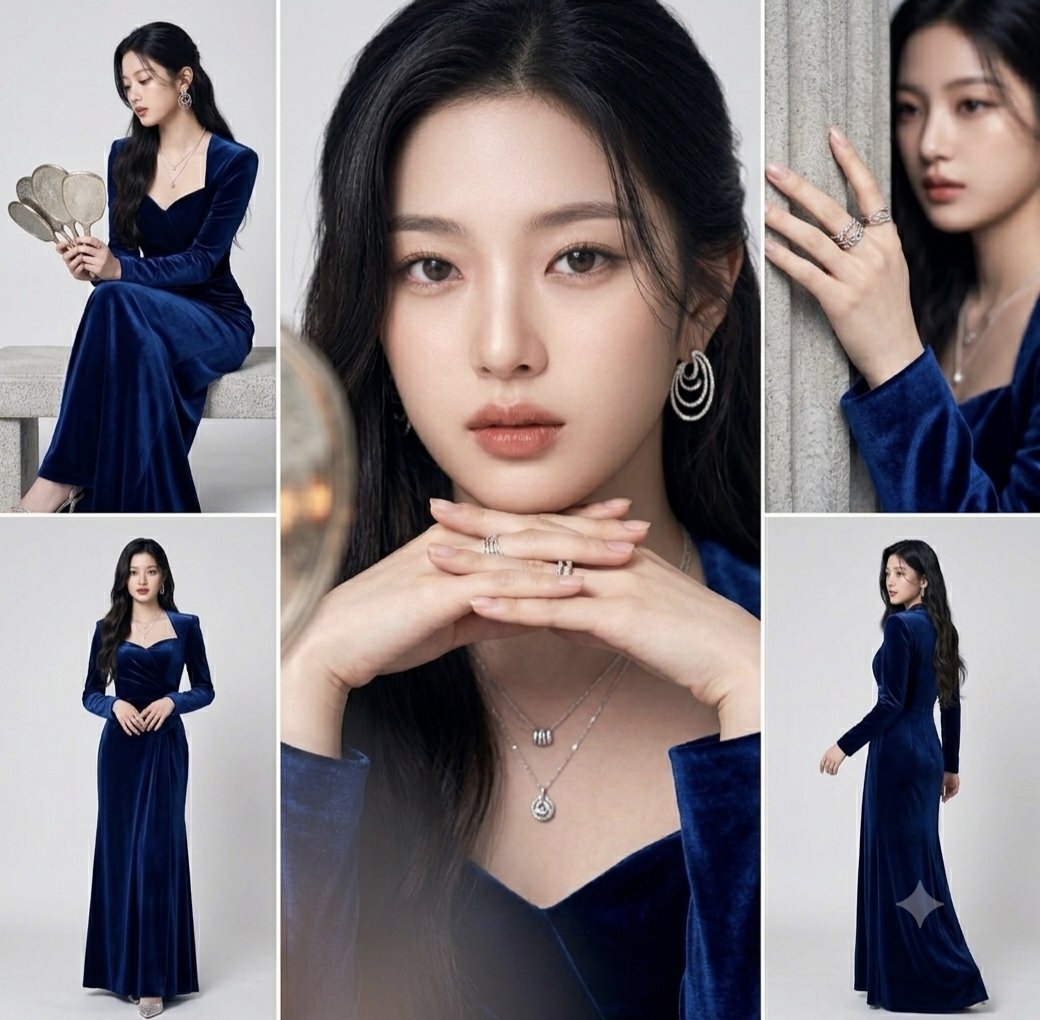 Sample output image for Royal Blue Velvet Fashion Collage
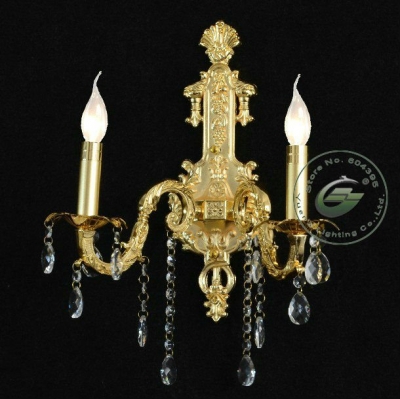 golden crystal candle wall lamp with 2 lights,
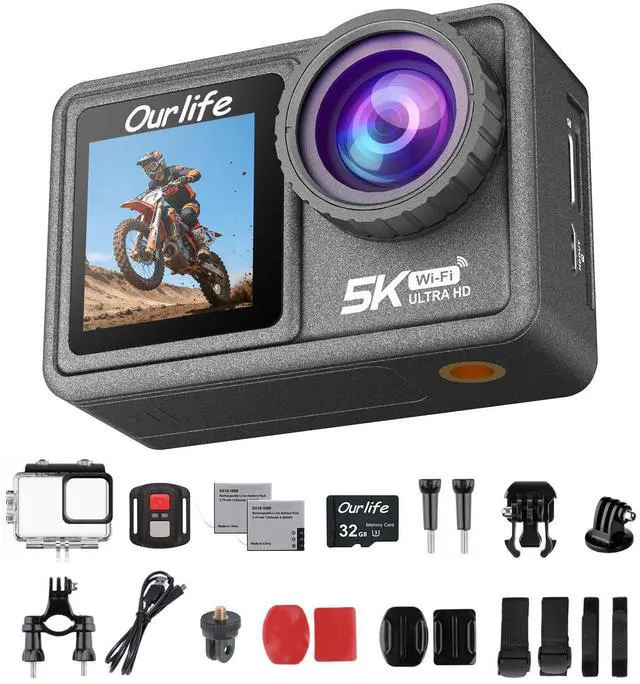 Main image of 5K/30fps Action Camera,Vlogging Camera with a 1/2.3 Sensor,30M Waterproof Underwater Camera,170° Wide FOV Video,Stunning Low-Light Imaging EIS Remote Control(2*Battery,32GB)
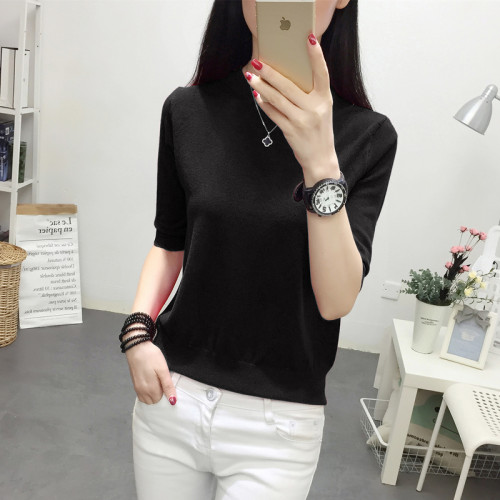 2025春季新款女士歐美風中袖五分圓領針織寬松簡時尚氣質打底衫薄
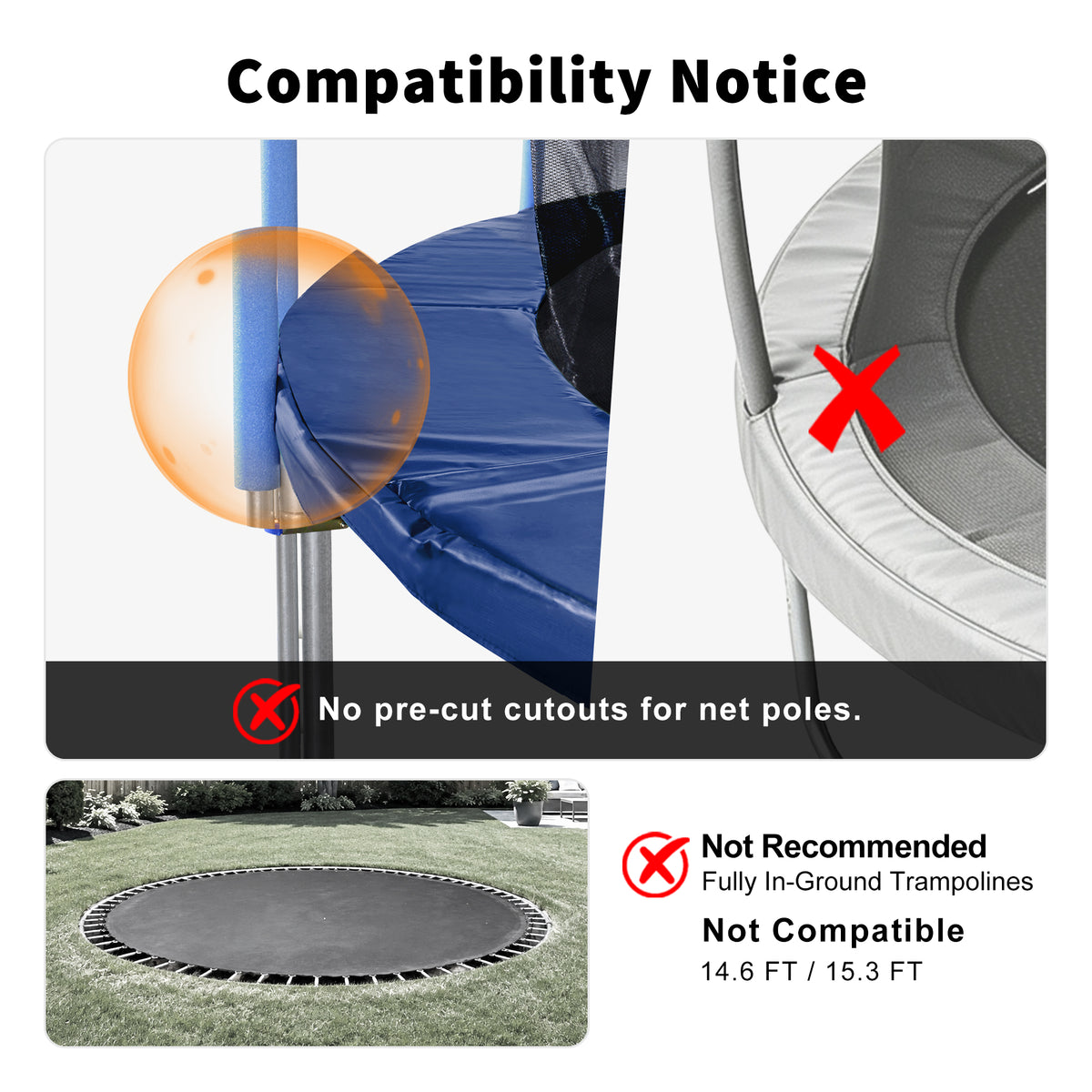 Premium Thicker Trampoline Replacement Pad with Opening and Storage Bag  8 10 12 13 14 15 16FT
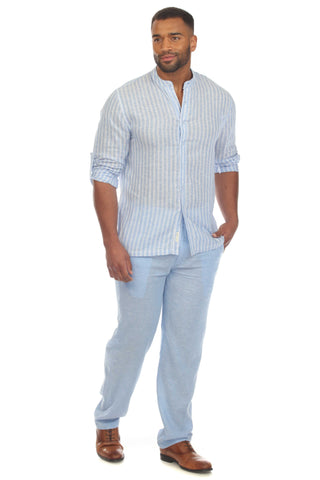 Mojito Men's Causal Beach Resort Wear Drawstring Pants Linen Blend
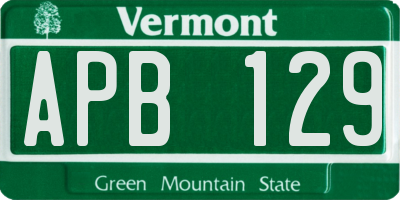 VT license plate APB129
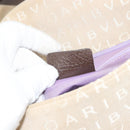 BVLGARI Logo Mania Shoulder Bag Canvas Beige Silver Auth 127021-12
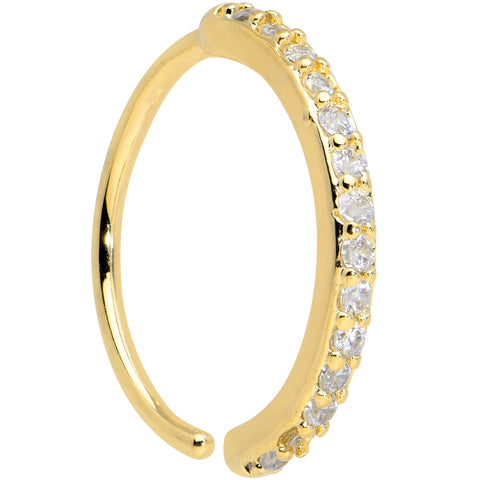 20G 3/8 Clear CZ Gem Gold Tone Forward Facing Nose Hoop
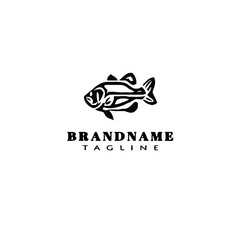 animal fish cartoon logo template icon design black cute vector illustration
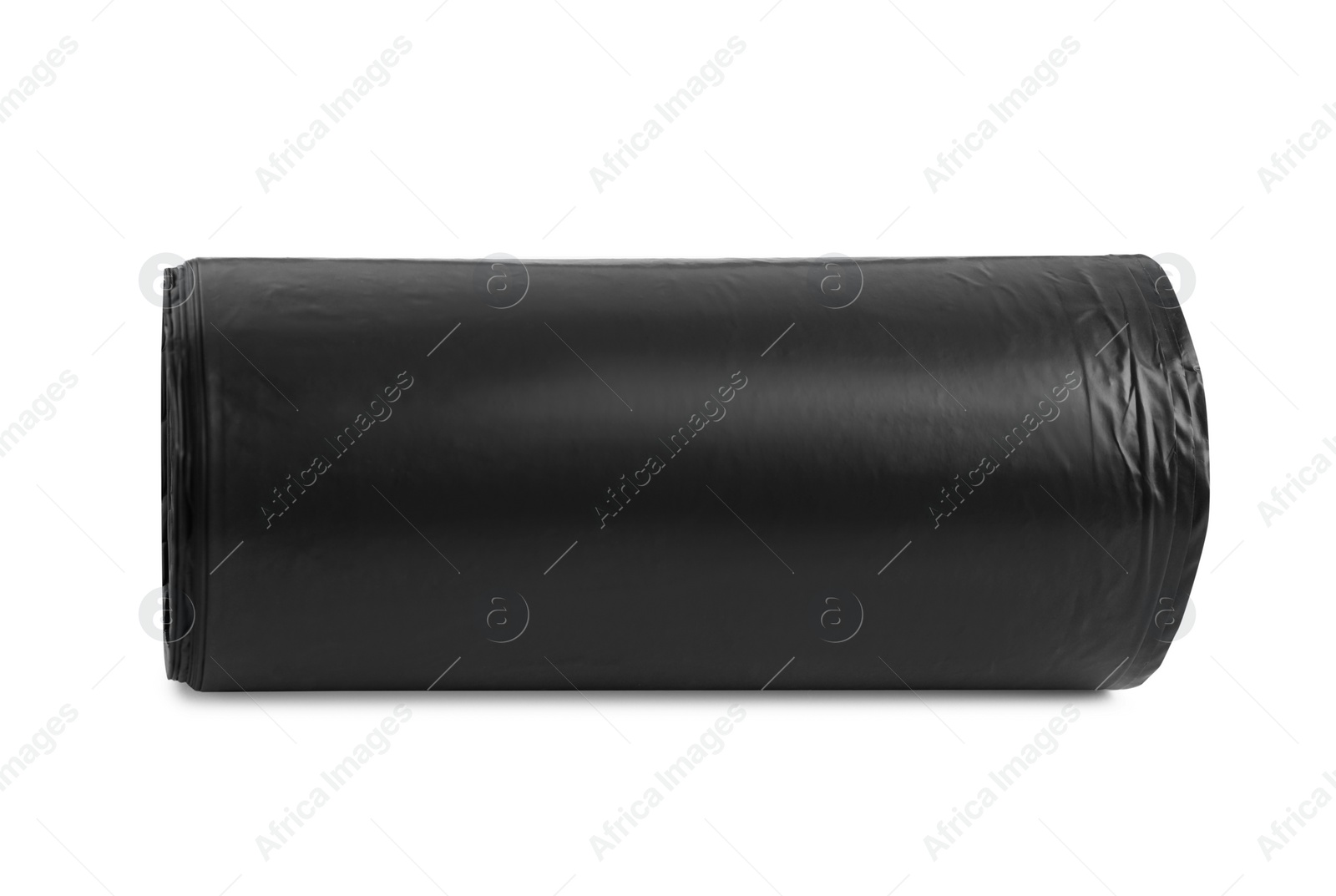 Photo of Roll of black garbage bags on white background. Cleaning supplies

▶ **Task brief**
Treat the line with "Main image of" as the start and the line with "Premium Thicker Trampoline" as the end, and return exactly that span of the data above, both ends included, without pictures.

▶ **Reply**
 Main image of 5K/30fps Action Camera,Vlogging Camera with a 1/2.3 Sensor,30M Waterproof Underwater Camera,170° Wide FOV Video,Stunning Low-Light Imaging EIS Remote Control(2*Battery,32GB)
 2025春季新款女士歐美風中袖五分圓領針織寬松簡時尚氣質打底衫薄
 Premium Thicker Trampoline Replacement Pad with Opening and Storage Bag  8 10 12 13 14 15 16FT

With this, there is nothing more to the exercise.